BEGIN Data to examine
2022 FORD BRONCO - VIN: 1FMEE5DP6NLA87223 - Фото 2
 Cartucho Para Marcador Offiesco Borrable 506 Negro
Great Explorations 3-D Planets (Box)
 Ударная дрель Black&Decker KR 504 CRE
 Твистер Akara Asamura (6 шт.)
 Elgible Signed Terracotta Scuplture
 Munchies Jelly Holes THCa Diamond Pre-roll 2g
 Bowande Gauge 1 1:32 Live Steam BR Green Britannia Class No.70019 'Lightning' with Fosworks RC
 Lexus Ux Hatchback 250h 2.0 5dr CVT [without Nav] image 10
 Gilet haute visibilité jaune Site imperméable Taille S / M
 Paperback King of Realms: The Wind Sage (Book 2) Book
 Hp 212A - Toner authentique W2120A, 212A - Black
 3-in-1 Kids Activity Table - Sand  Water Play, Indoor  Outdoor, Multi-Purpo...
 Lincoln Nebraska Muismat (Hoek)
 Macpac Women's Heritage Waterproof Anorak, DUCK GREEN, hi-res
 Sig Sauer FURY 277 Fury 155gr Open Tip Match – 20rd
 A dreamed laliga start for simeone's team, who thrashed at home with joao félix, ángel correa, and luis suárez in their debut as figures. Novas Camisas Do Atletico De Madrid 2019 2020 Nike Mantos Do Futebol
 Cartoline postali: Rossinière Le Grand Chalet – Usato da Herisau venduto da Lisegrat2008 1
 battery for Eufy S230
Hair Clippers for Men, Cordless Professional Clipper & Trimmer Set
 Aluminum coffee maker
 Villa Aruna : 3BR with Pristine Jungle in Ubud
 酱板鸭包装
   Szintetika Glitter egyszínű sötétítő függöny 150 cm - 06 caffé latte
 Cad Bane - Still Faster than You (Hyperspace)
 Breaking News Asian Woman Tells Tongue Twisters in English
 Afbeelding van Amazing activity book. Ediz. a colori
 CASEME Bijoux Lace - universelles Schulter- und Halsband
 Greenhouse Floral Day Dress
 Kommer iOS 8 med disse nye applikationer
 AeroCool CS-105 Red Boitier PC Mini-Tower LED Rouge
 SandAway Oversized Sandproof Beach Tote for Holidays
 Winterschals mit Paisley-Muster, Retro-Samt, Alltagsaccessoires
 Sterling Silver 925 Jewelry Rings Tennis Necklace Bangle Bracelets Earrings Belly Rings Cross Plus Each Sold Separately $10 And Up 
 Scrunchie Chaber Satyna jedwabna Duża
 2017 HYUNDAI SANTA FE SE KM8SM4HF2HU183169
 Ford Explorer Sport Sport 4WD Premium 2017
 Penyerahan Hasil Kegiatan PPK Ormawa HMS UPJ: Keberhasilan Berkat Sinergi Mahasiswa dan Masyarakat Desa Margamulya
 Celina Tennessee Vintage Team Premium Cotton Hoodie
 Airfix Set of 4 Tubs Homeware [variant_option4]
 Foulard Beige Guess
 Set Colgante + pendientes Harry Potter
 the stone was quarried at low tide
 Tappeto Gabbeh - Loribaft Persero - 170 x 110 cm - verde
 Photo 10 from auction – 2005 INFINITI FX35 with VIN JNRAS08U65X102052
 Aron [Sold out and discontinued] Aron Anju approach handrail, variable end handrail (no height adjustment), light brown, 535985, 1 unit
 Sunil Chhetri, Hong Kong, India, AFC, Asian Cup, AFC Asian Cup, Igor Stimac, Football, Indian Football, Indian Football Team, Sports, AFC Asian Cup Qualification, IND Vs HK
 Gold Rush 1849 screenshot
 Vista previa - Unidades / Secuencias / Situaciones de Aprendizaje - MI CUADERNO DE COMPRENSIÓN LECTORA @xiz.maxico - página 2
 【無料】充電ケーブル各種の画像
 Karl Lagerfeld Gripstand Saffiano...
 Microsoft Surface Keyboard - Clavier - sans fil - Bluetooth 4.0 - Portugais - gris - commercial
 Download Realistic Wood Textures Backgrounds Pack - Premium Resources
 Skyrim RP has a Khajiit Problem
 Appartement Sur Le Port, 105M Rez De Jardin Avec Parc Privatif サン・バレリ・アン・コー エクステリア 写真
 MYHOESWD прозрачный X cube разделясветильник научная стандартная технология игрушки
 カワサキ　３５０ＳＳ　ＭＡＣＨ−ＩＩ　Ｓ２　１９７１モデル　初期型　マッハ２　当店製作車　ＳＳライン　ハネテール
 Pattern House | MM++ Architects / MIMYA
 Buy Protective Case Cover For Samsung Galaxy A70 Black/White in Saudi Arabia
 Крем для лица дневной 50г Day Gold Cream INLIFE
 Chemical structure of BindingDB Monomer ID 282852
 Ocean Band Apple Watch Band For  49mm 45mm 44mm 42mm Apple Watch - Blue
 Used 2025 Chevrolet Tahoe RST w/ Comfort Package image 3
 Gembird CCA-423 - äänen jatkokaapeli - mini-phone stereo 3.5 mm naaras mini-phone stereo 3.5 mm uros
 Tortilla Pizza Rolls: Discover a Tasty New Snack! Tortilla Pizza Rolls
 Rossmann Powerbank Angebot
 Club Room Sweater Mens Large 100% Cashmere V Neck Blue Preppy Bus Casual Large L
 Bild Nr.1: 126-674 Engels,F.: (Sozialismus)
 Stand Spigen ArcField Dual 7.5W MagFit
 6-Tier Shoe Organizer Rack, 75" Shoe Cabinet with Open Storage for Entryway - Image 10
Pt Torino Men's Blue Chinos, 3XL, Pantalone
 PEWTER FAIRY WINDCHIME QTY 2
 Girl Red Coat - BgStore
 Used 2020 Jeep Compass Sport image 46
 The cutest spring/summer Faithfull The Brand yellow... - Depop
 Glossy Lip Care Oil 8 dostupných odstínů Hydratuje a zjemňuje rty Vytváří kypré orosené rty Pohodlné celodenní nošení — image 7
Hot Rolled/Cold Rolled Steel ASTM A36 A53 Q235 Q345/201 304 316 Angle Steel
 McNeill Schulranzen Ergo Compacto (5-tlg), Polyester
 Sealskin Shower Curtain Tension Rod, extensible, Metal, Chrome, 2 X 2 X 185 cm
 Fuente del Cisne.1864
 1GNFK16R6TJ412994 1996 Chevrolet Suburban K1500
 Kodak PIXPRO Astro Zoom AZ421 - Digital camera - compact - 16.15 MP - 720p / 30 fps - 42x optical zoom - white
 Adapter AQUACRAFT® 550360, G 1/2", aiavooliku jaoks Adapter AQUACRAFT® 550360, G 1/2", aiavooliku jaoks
END Data to examine
Description of the task: Word for word, return each of the entries shown above.

Solution to the problem:
2022 FORD BRONCO - VIN: 1FMEE5DP6NLA87223 - Фото 2
 Cartucho Para Marcador Offiesco Borrable 506 Negro
Great Explorations 3-D Planets (Box)
 Ударная дрель Black&Decker KR 504 CRE
 Твистер Akara Asamura (6 шт.)
 Elgible Signed Terracotta Scuplture
 Munchies Jelly Holes THCa Diamond Pre-roll 2g
 Bowande Gauge 1 1:32 Live Steam BR Green Britannia Class No.70019 'Lightning' with Fosworks RC
 Lexus Ux Hatchback 250h 2.0 5dr CVT [without Nav] image 10
 Gilet haute visibilité jaune Site imperméable Taille S / M
 Paperback King of Realms: The Wind Sage (Book 2) Book
 Hp 212A - Toner authentique W2120A, 212A - Black
 3-in-1 Kids Activity Table - Sand  Water Play, Indoor  Outdoor, Multi-Purpo...
 Lincoln Nebraska Muismat (Hoek)
 Macpac Women's Heritage Waterproof Anorak, DUCK GREEN, hi-res
 Sig Sauer FURY 277 Fury 155gr Open Tip Match – 20rd
 A dreamed laliga start for simeone's team, who thrashed at home with joao félix, ángel correa, and luis suárez in their debut as figures. Novas Camisas Do Atletico De Madrid 2019 2020 Nike Mantos Do Futebol
 Cartoline postali: Rossinière Le Grand Chalet – Usato da Herisau venduto da Lisegrat2008 1
 battery for Eufy S230
Hair Clippers for Men, Cordless Professional Clipper & Trimmer Set
 Aluminum coffee maker
 Villa Aruna : 3BR with Pristine Jungle in Ubud
 酱板鸭包装
   Szintetika Glitter egyszínű sötétítő függöny 150 cm - 06 caffé latte
 Cad Bane - Still Faster than You (Hyperspace)
 Breaking News Asian Woman Tells Tongue Twisters in English
 Afbeelding van Amazing activity book. Ediz. a colori
 CASEME Bijoux Lace - universelles Schulter- und Halsband
 Greenhouse Floral Day Dress
 Kommer iOS 8 med disse nye applikationer
 AeroCool CS-105 Red Boitier PC Mini-Tower LED Rouge
 SandAway Oversized Sandproof Beach Tote for Holidays
 Winterschals mit Paisley-Muster, Retro-Samt, Alltagsaccessoires
 Sterling Silver 925 Jewelry Rings Tennis Necklace Bangle Bracelets Earrings Belly Rings Cross Plus Each Sold Separately $10 And Up 
 Scrunchie Chaber Satyna jedwabna Duża
 2017 HYUNDAI SANTA FE SE KM8SM4HF2HU183169
 Ford Explorer Sport Sport 4WD Premium 2017
 Penyerahan Hasil Kegiatan PPK Ormawa HMS UPJ: Keberhasilan Berkat Sinergi Mahasiswa dan Masyarakat Desa Margamulya
 Celina Tennessee Vintage Team Premium Cotton Hoodie
 Airfix Set of 4 Tubs Homeware [variant_option4]
 Foulard Beige Guess
 Set Colgante + pendientes Harry Potter
 the stone was quarried at low tide
 Tappeto Gabbeh - Loribaft Persero - 170 x 110 cm - verde
 Photo 10 from auction – 2005 INFINITI FX35 with VIN JNRAS08U65X102052
 Aron [Sold out and discontinued] Aron Anju approach handrail, variable end handrail (no height adjustment), light brown, 535985, 1 unit
 Sunil Chhetri, Hong Kong, India, AFC, Asian Cup, AFC Asian Cup, Igor Stimac, Football, Indian Football, Indian Football Team, Sports, AFC Asian Cup Qualification, IND Vs HK
 Gold Rush 1849 screenshot
 Vista previa - Unidades / Secuencias / Situaciones de Aprendizaje - MI CUADERNO DE COMPRENSIÓN LECTORA @xiz.maxico - página 2
 【無料】充電ケーブル各種の画像
 Karl Lagerfeld Gripstand Saffiano...
 Microsoft Surface Keyboard - Clavier - sans fil - Bluetooth 4.0 - Portugais - gris - commercial
 Download Realistic Wood Textures Backgrounds Pack - Premium Resources
 Skyrim RP has a Khajiit Problem
 Appartement Sur Le Port, 105M Rez De Jardin Avec Parc Privatif サン・バレリ・アン・コー エクステリア 写真
 MYHOESWD прозрачный X cube разделясветильник научная стандартная технология игрушки
 カワサキ　３５０ＳＳ　ＭＡＣＨ−ＩＩ　Ｓ２　１９７１モデル　初期型　マッハ２　当店製作車　ＳＳライン　ハネテール
 Pattern House | MM++ Architects / MIMYA
 Buy Protective Case Cover For Samsung Galaxy A70 Black/White in Saudi Arabia
 Крем для лица дневной 50г Day Gold Cream INLIFE
 Chemical structure of BindingDB Monomer ID 282852
 Ocean Band Apple Watch Band For  49mm 45mm 44mm 42mm Apple Watch - Blue
 Used 2025 Chevrolet Tahoe RST w/ Comfort Package image 3
 Gembird CCA-423 - äänen jatkokaapeli - mini-phone stereo 3.5 mm naaras mini-phone stereo 3.5 mm uros
 Tortilla Pizza Rolls: Discover a Tasty New Snack! Tortilla Pizza Rolls
 Rossmann Powerbank Angebot
 Club Room Sweater Mens Large 100% Cashmere V Neck Blue Preppy Bus Casual Large L
 Bild Nr.1: 126-674 Engels,F.: (Sozialismus)
 Stand Spigen ArcField Dual 7.5W MagFit
 6-Tier Shoe Organizer Rack, 75" Shoe Cabinet with Open Storage for Entryway - Image 10
Pt Torino Men's Blue Chinos, 3XL, Pantalone
 PEWTER FAIRY WINDCHIME QTY 2
 Girl Red Coat - BgStore
 Used 2020 Jeep Compass Sport image 46
 The cutest spring/summer Faithfull The Brand yellow... - Depop
 Glossy Lip Care Oil 8 dostupných odstínů Hydratuje a zjemňuje rty Vytváří kypré orosené rty Pohodlné celodenní nošení — image 7
Hot Rolled/Cold Rolled Steel ASTM A36 A53 Q235 Q345/201 304 316 Angle Steel
 McNeill Schulranzen Ergo Compacto (5-tlg), Polyester
 Sealskin Shower Curtain Tension Rod, extensible, Metal, Chrome, 2 X 2 X 185 cm
 Fuente del Cisne.1864
 1GNFK16R6TJ412994 1996 Chevrolet Suburban K1500
 Kodak PIXPRO Astro Zoom AZ421 - Digital camera - compact - 16.15 MP - 720p / 30 fps - 42x optical zoom - white
 Adapter AQUACRAFT® 550360, G 1/2", aiavooliku jaoks Adapter AQUACRAFT® 550360, G 1/2", aiavooliku jaoks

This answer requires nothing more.